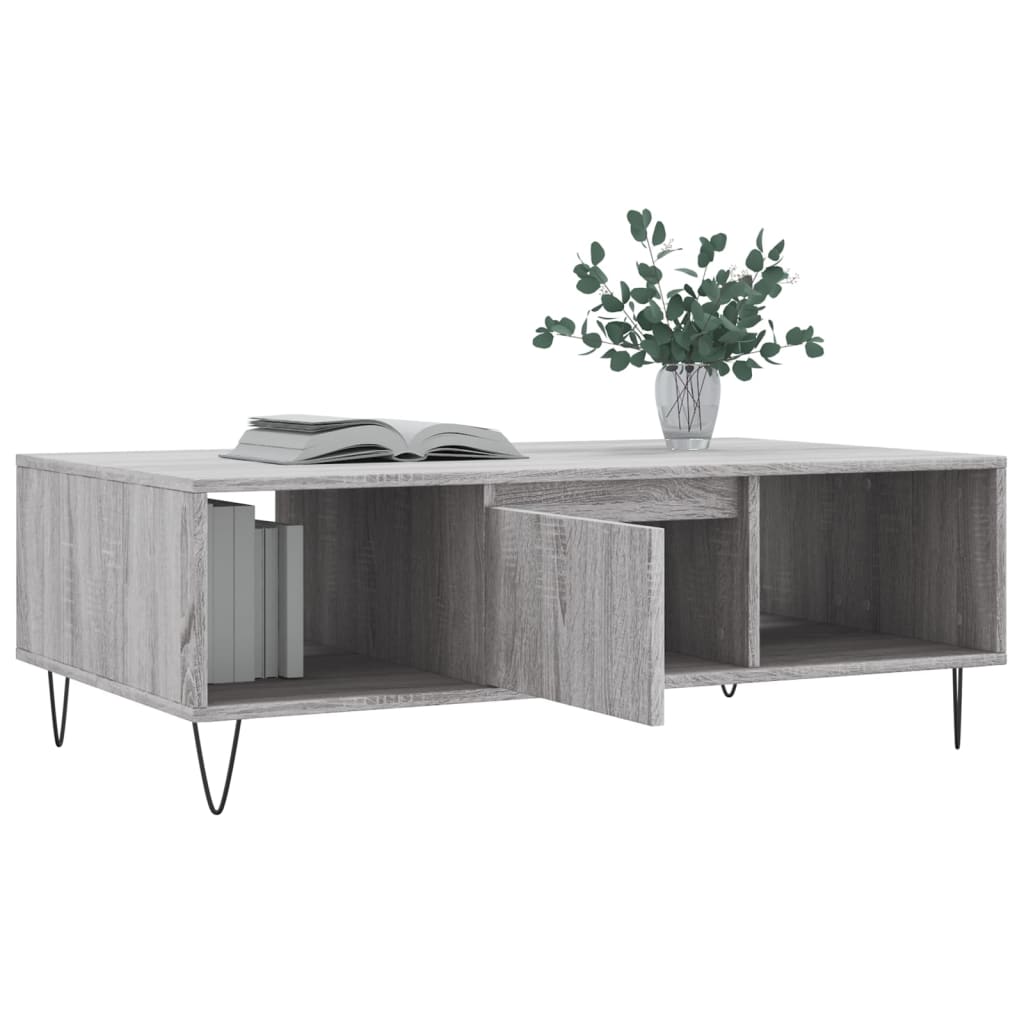 Salontafel 04X60X35 Cm Bewerkt Hout Grijs sonoma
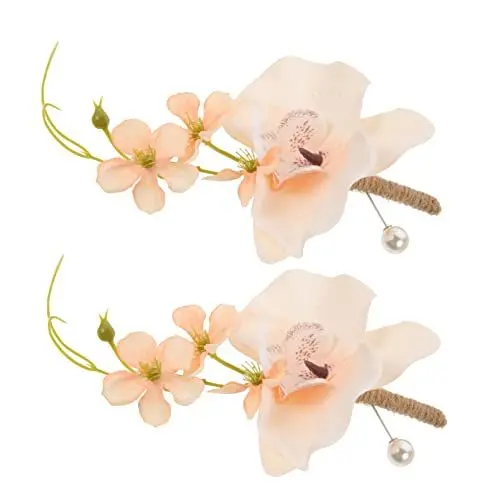 Produktbild: ULDIGI Hochzeit Dekorationen Set Bräutigam Boutonniere Braut Boutonniere Elegante Floral Corsagen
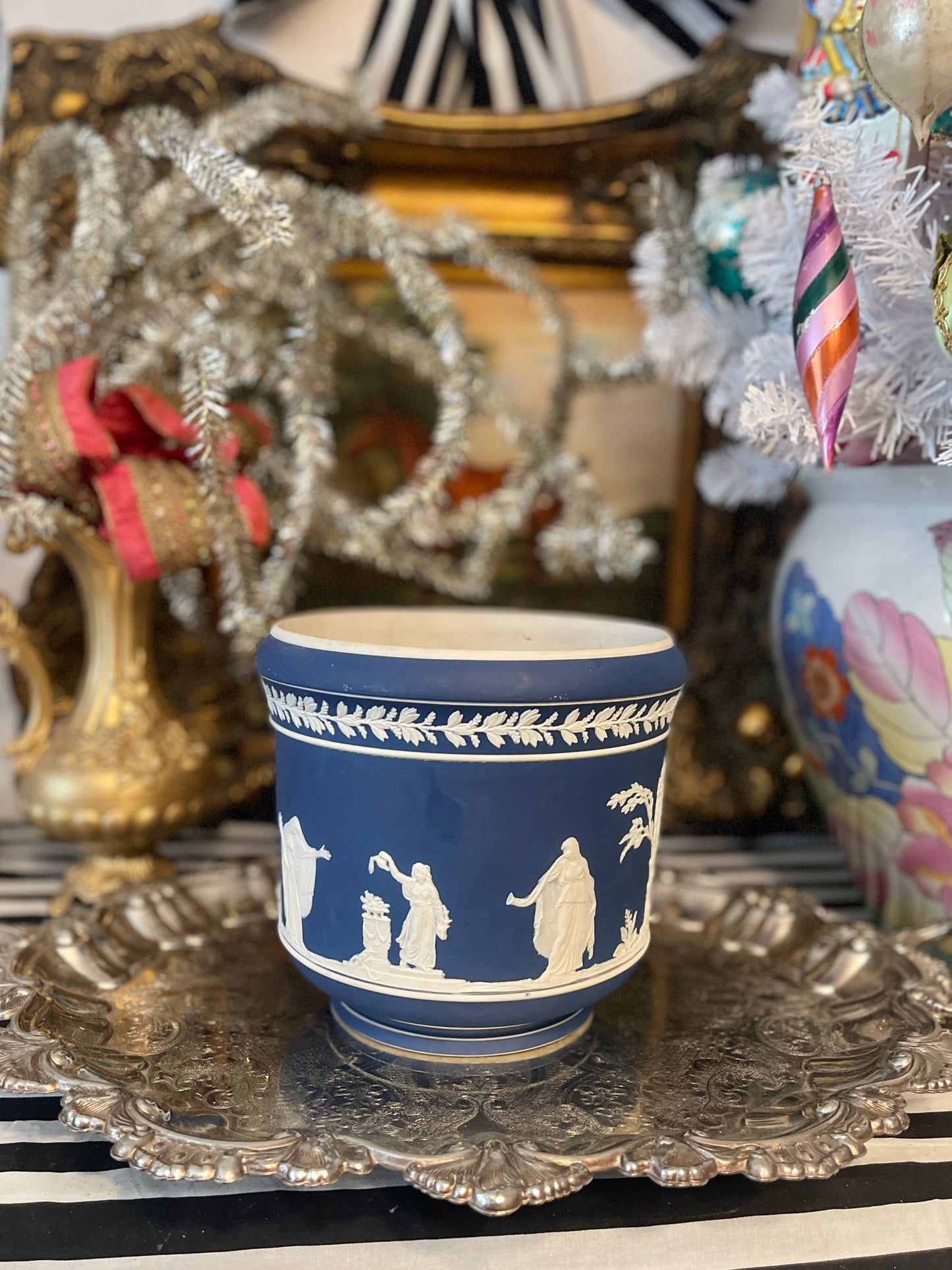 Blue and White Jasperware Cachepot by Adams, Made in England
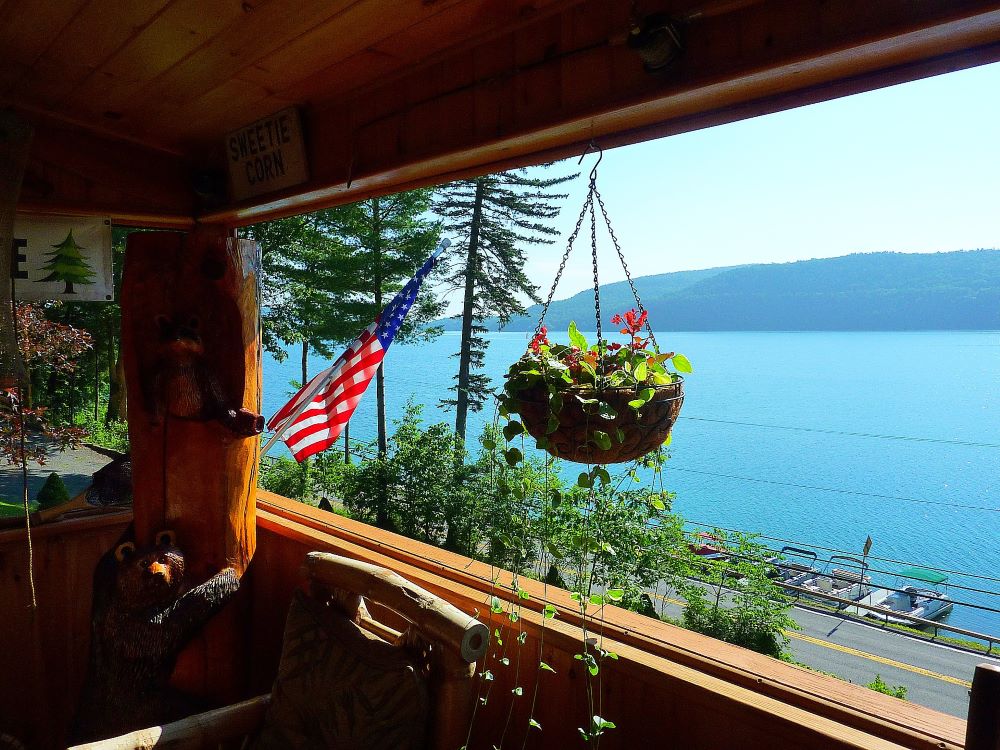 View from the front porch at Cobblescote on the Lake in Cooperstown, N.Y.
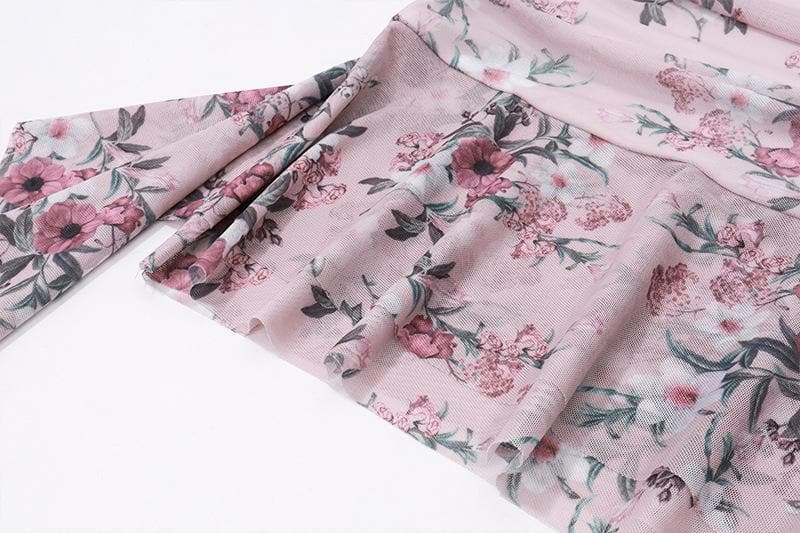 Halter Floral Print Lace Trim Midriff Cutout Ruffle Hem Mini Dress and Lace Arm Sleeves Set 6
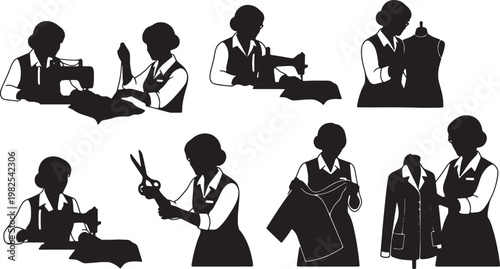 Black Solid Indoor Clothing Seamstress Silhouettes Set of Six on White Background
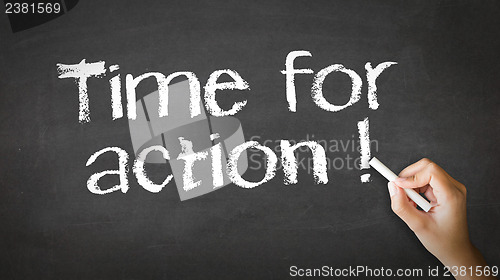 Image of Time for Action Chalk Illustration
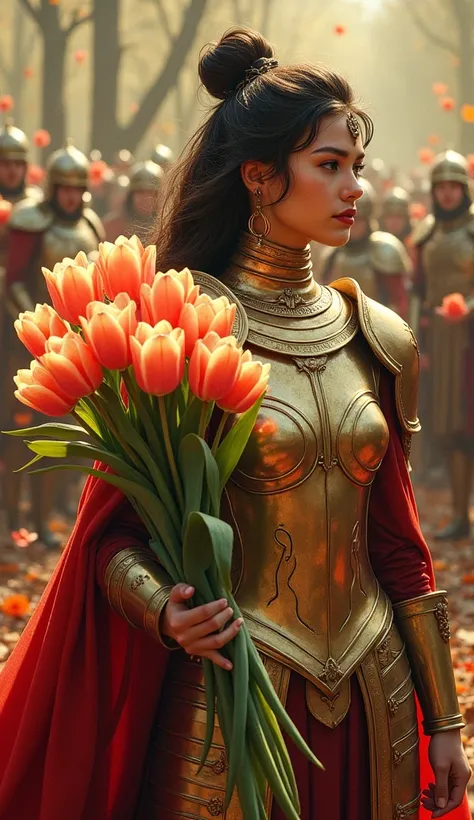 A majestic warrior in shining armors，((She holds a beautiful bouquet of tulips))，((Beautiful tulips))，Standing in the middle of a fierce battle。This scene was inspired by key elements of Gustav Klimt&#39;s famous Golden Age。Lively and animated composition，...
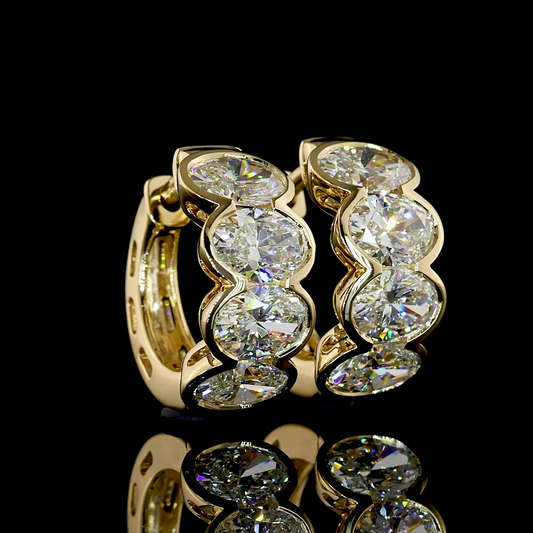 3.04 CTTW Oval Natural Diamond Huggies Earring 15.05mm (G Color and VS1 Clarity)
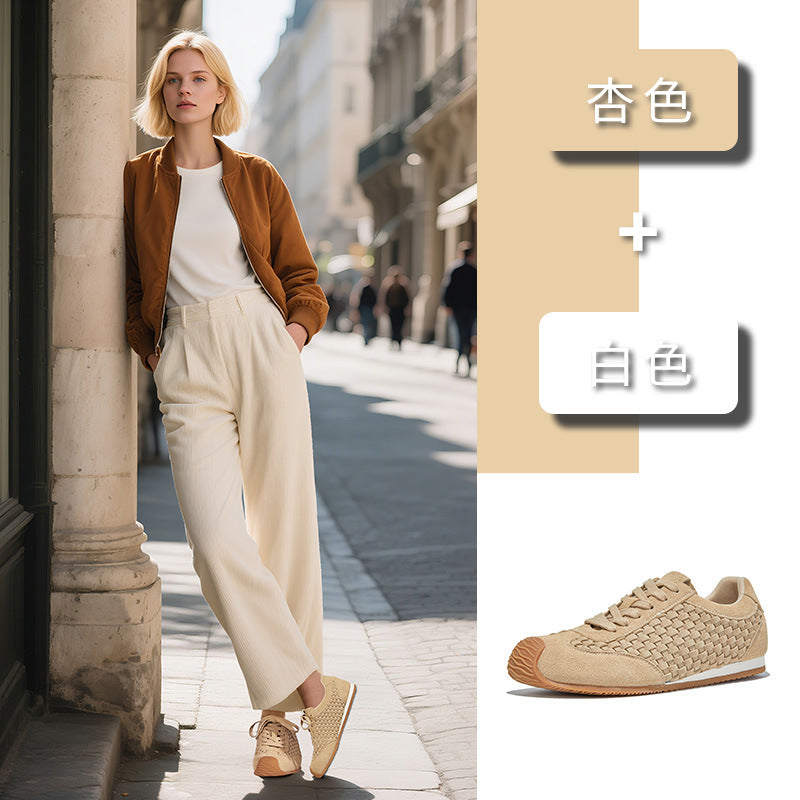 Leather woven German training shoes women's autumn new casual versatile Forrest Gump flat sneakers lace-up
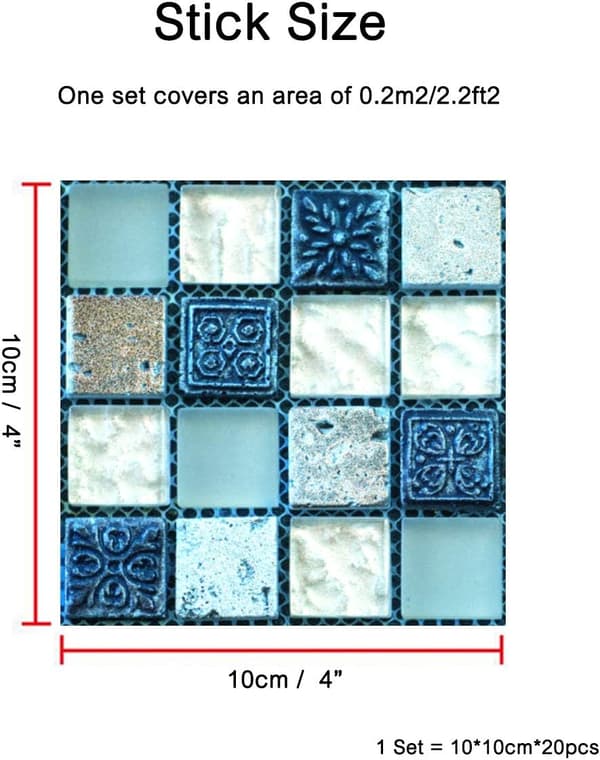 3D Mosaik 10x10cm Väggdekor Sovrum Väggförvandling Självhäftande Papper (20 Stycken Blå)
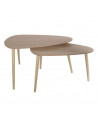 Set de 2 tables gigognes en forme de galet - L 80 x l 40 x H 50 cm - Beige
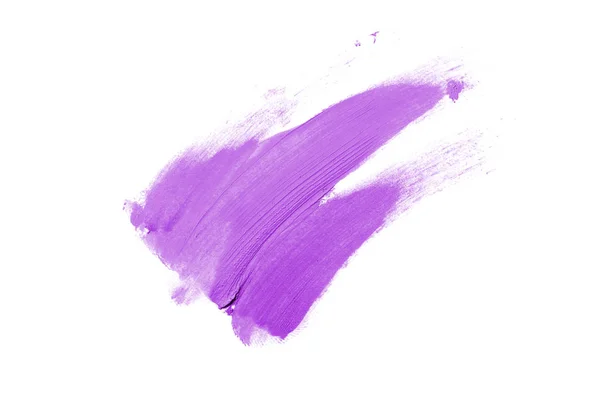 Smear and texture of lipstick or acrylic paint isolated on white background. Purple color — Stock Photo, Image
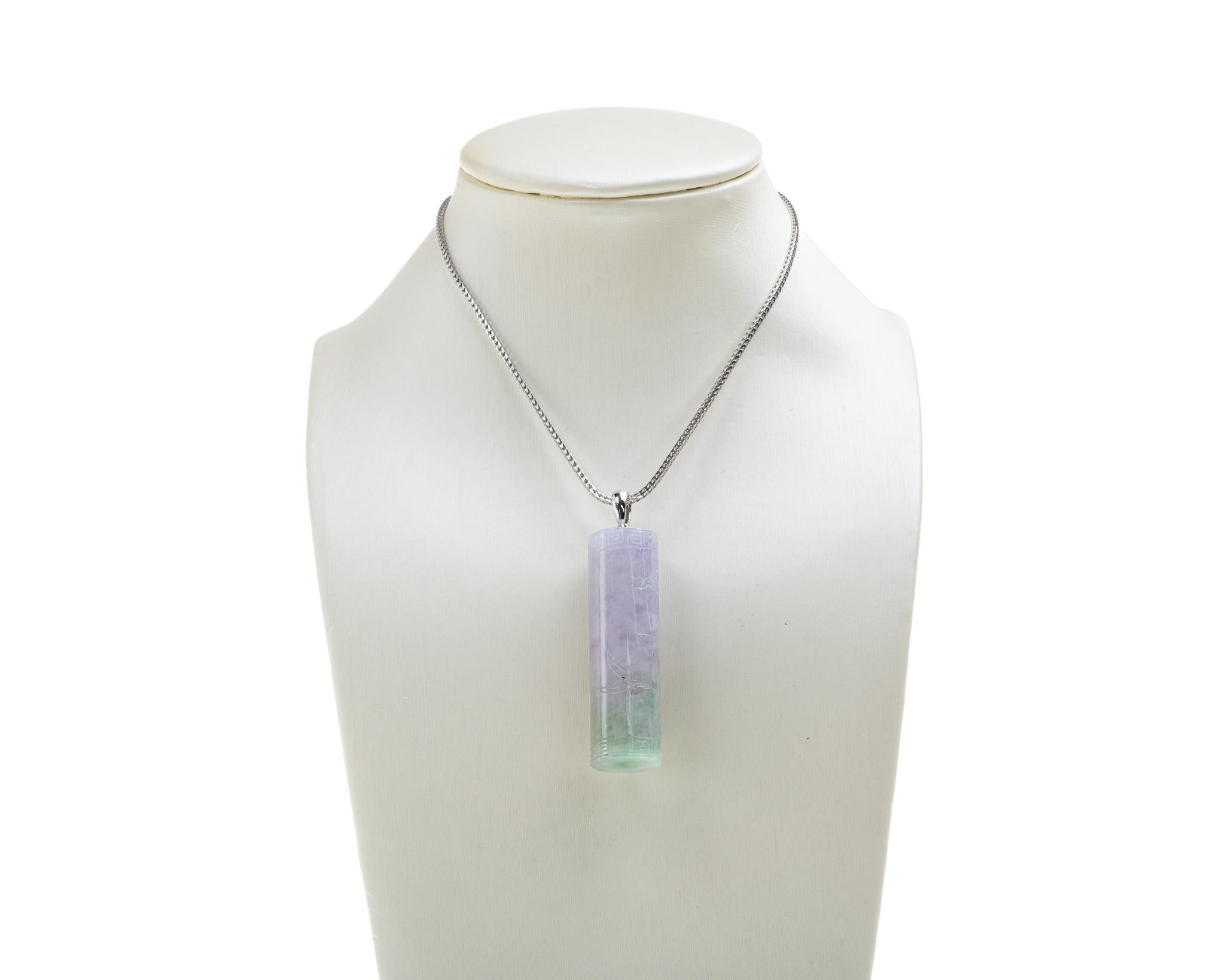 Rough Cut Lavender and Green Jadeite Cylinder Pendant, Certified Untreated For Sale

*WHAT THE TASK ASKS:* Beginning with the first line of the entries above, repeat each line word for word until the line with "Image of Time for Action Chalk Illustration" has been given too. Omit the pictures.

*SOLUTION TO THIS TASK:*
 Salontafel 04X60X35 Cm Bewerkt Hout Grijs sonoma
 Produktbild: ULDIGI Hochzeit Dekorationen Set Bräutigam Boutonniere Braut Boutonniere Elegante Floral Corsagen
 Blue and White Jasperware Cachepot by Adams, Made in England
 View from the front porch at Cobblescote on the Lake in Cooperstown, N.Y.
 Halter Floral Print Lace Trim Midriff Cutout Ruffle Hem Mini Dress and Lace Arm Sleeves Set 6
 Black Solid Indoor Clothing Seamstress Silhouettes Set of Six on White Background
 Image of Time for Action Chalk Illustration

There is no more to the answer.